I wrote about "The Dark Knight" on my weblog. I really love this movie. But my friend said that, although boys might love "The Dark Knight", she, herself, liked Tim Burton's Batman movies more because they were colorful and fun whereas "The Dark Knight" was too heavy  "The Dark Knight" was influenced by the American comic, "Batman: the Dark Knight Returns", which was also created/drawn by the same artist/author who drew/created "Sin City". Maybe thinking the "The Dark Knight" is cool is another boy thing.

Although I know that it is very controversial, I feel that gangsta rap is coolest in hip hop music. Contemporary hip hop music is too commercialized for me. How do you think about Ice-T? It also might be the thing in boy's culture.


The valley between boy's culture and girl's culture is so deep.

Oct 6, 2012

Hip Hop and the Death of the Author

My favorite pop music is Rock and Funk in the 1970s.

I think that the 1970s were the golden age of Rock and now it is dead as I wrote in the entry "The Song for All of the Stupid Boys in the World."


I think that rock music isn't contemporary music now either. Hip hop killed Rock music in the 90s, and Nirvana was the last band that created new rock music. And then rock musicians have basically rehashed old rock music, so I mainly listen to rock music from the 60s and 70s.
 
Sometimes I used to try listening to Hip Hop music, but Hip Hop sounded so strange that I couldn't get used to it. Recently I realized that what was different between Rock and Hip Hop and now I enjoy listening to hip hop music.

Roland Barthes, a French critic, wrote about the concept "the death of the author." For the traditional literary critics, literary works were always related to their authors, but Barthes insisted that we should read the texts themselves. Texts weren't creations by their authors, but each text is related to and quoted by others.

Roland Barthes' theory is based on structuralism. Claude Levi-Strauss, one of the most famous anthropologists, studied mythology by applying structuralism. Mythology doesn't have its authors, so it can't be related to its authors. Levi-Strauss focused on the variations of the texts of mythology and revealed the meaning and structure of mythology.

Hip Hop brought "the death of the author" to the world of pop music. Rock music was treated in the traditional way of literary criticism, but Hip Hop music is rather like mythology.

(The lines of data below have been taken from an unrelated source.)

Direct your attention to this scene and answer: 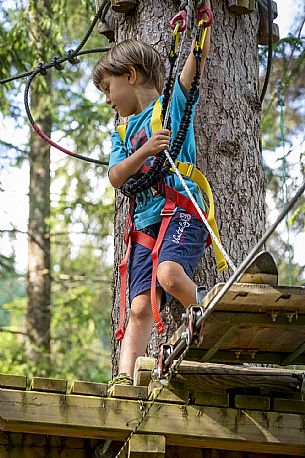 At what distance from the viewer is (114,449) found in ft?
11.8

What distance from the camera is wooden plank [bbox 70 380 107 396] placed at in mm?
3361

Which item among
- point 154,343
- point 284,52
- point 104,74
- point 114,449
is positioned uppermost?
point 284,52

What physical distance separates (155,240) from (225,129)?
94 cm

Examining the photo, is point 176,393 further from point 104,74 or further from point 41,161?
point 41,161

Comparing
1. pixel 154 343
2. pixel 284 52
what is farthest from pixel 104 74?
pixel 284 52

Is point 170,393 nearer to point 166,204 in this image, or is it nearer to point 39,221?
point 166,204

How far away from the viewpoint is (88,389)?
11.1ft

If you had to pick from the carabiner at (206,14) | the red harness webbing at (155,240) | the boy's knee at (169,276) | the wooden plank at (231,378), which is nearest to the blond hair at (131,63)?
the carabiner at (206,14)

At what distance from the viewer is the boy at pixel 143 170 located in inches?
155

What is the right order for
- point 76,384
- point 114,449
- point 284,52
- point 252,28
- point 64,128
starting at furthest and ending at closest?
point 64,128 < point 284,52 < point 252,28 < point 114,449 < point 76,384

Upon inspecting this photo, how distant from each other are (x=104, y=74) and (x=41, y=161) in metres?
8.81

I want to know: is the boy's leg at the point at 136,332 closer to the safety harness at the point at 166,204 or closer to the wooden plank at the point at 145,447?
the safety harness at the point at 166,204

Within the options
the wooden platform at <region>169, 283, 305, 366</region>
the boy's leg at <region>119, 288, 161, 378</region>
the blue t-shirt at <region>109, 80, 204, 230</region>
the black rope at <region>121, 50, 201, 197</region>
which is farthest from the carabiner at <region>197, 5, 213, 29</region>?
the wooden platform at <region>169, 283, 305, 366</region>

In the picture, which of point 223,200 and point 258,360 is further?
point 223,200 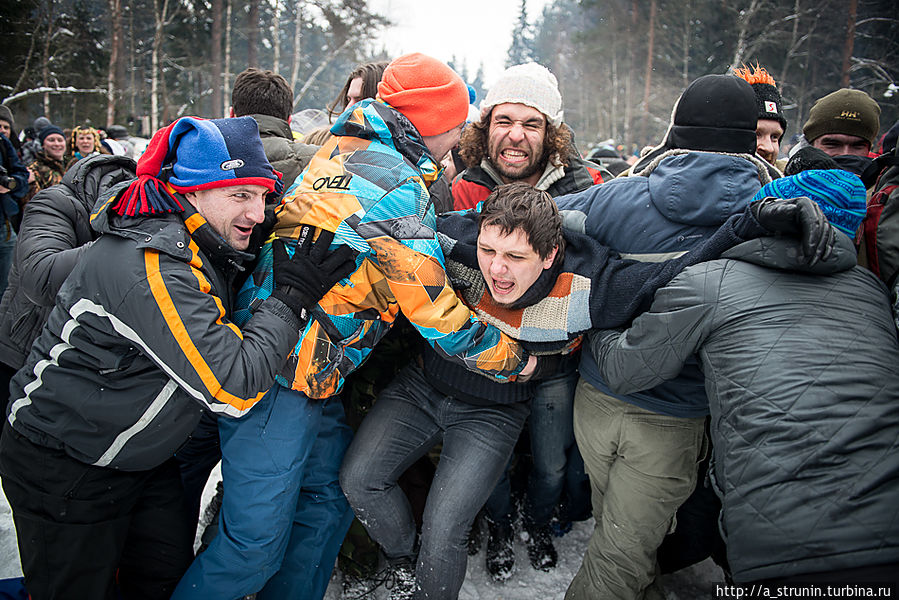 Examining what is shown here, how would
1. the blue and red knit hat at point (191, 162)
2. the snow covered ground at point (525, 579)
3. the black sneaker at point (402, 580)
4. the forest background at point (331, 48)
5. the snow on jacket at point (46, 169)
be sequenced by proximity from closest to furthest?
the blue and red knit hat at point (191, 162)
the black sneaker at point (402, 580)
the snow covered ground at point (525, 579)
the snow on jacket at point (46, 169)
the forest background at point (331, 48)

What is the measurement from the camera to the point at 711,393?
6.15ft

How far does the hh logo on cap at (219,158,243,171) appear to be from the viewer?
6.37 feet

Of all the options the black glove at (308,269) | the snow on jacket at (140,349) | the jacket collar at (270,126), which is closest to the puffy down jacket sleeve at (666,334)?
the black glove at (308,269)

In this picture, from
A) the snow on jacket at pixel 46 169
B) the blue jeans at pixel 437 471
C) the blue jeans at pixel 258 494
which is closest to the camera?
the blue jeans at pixel 258 494

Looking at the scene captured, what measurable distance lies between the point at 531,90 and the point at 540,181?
1.87 feet

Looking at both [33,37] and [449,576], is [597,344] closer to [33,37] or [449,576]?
[449,576]

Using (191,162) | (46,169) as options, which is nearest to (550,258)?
(191,162)

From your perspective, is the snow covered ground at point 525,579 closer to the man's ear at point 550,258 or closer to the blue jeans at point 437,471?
the blue jeans at point 437,471

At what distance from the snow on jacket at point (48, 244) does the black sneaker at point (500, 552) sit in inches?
103

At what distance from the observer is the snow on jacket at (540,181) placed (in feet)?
11.0

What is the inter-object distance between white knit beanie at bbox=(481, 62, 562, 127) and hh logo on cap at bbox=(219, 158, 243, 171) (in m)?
Result: 1.91

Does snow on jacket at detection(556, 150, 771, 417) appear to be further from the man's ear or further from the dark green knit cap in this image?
the dark green knit cap

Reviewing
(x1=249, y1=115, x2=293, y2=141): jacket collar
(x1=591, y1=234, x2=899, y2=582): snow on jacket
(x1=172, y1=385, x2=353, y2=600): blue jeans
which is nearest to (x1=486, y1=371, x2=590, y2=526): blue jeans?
(x1=591, y1=234, x2=899, y2=582): snow on jacket

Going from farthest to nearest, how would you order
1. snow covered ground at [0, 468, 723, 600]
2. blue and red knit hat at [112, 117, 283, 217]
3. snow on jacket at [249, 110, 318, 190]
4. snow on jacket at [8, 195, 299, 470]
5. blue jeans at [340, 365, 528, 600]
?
1. snow on jacket at [249, 110, 318, 190]
2. snow covered ground at [0, 468, 723, 600]
3. blue jeans at [340, 365, 528, 600]
4. blue and red knit hat at [112, 117, 283, 217]
5. snow on jacket at [8, 195, 299, 470] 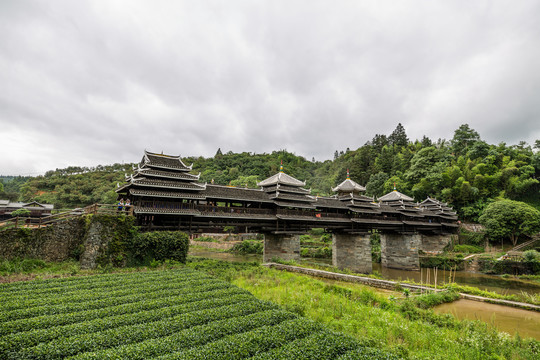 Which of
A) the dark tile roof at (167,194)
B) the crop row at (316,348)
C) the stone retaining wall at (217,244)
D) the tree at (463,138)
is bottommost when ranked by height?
the stone retaining wall at (217,244)

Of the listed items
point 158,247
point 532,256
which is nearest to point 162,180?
point 158,247

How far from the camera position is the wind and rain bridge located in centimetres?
1803

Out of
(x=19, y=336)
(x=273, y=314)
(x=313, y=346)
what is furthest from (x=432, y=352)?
(x=19, y=336)

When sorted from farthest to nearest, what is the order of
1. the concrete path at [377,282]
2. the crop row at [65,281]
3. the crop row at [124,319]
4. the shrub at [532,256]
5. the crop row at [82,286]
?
the shrub at [532,256] < the concrete path at [377,282] < the crop row at [65,281] < the crop row at [82,286] < the crop row at [124,319]

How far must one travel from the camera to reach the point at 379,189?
57.6 meters

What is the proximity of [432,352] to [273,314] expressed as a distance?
4.22 m

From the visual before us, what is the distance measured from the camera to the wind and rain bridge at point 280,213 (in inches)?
710

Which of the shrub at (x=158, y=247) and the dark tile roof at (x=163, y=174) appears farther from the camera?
the dark tile roof at (x=163, y=174)

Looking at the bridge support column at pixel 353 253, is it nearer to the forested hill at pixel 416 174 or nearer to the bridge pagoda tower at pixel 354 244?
the bridge pagoda tower at pixel 354 244

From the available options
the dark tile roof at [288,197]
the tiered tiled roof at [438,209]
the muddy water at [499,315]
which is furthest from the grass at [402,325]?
the tiered tiled roof at [438,209]

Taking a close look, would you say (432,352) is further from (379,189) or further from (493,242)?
(379,189)

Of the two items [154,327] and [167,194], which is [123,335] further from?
[167,194]

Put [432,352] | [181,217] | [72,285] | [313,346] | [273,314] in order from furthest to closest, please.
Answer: [181,217]
[72,285]
[273,314]
[432,352]
[313,346]

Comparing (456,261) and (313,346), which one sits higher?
(313,346) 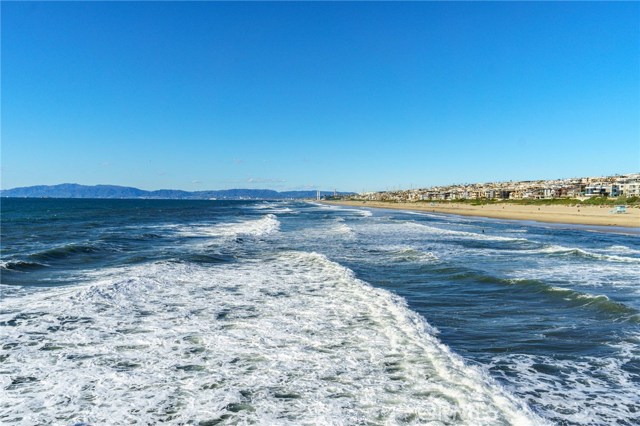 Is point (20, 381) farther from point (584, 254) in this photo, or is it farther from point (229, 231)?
point (229, 231)

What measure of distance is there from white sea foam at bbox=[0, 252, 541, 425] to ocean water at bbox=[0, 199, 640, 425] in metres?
0.03

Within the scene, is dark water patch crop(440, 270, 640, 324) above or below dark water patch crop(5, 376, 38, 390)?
below

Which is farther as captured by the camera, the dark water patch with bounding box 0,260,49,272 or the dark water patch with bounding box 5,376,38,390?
the dark water patch with bounding box 0,260,49,272

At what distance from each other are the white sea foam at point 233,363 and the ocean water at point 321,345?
33 millimetres

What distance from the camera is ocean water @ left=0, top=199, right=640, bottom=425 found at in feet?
18.6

After the Beatles released the album "Sgt. Pepper's Lonely Hearts Club Band", Rock musicians made many albums, which were thought as art works created by them.

On the contrary Hip Hop music aren't creations of the special authors. In the beginnings of Hip Hop, DJs played pieces of songs with turntables on the street. They didn't create their original songs but just edited and quoted songs, which already existed.

Please watch this video, "Otis" by Kanye West and Jay-Z.

 
Otis Redding's, a legendary soul singer, song was quoted. His voice and shout were reconstructed, and raps of Kanye West and Jay-Z were overdubbed.

Who is the author of this song "Otis"? Otis Redding? Kanye West and Jay-Z?

I realized that I should enjoy the song itself and forget about who was the author. Barthes called this attitude "the pleasure of the text."

In the Hip Hop world the author is actually dead.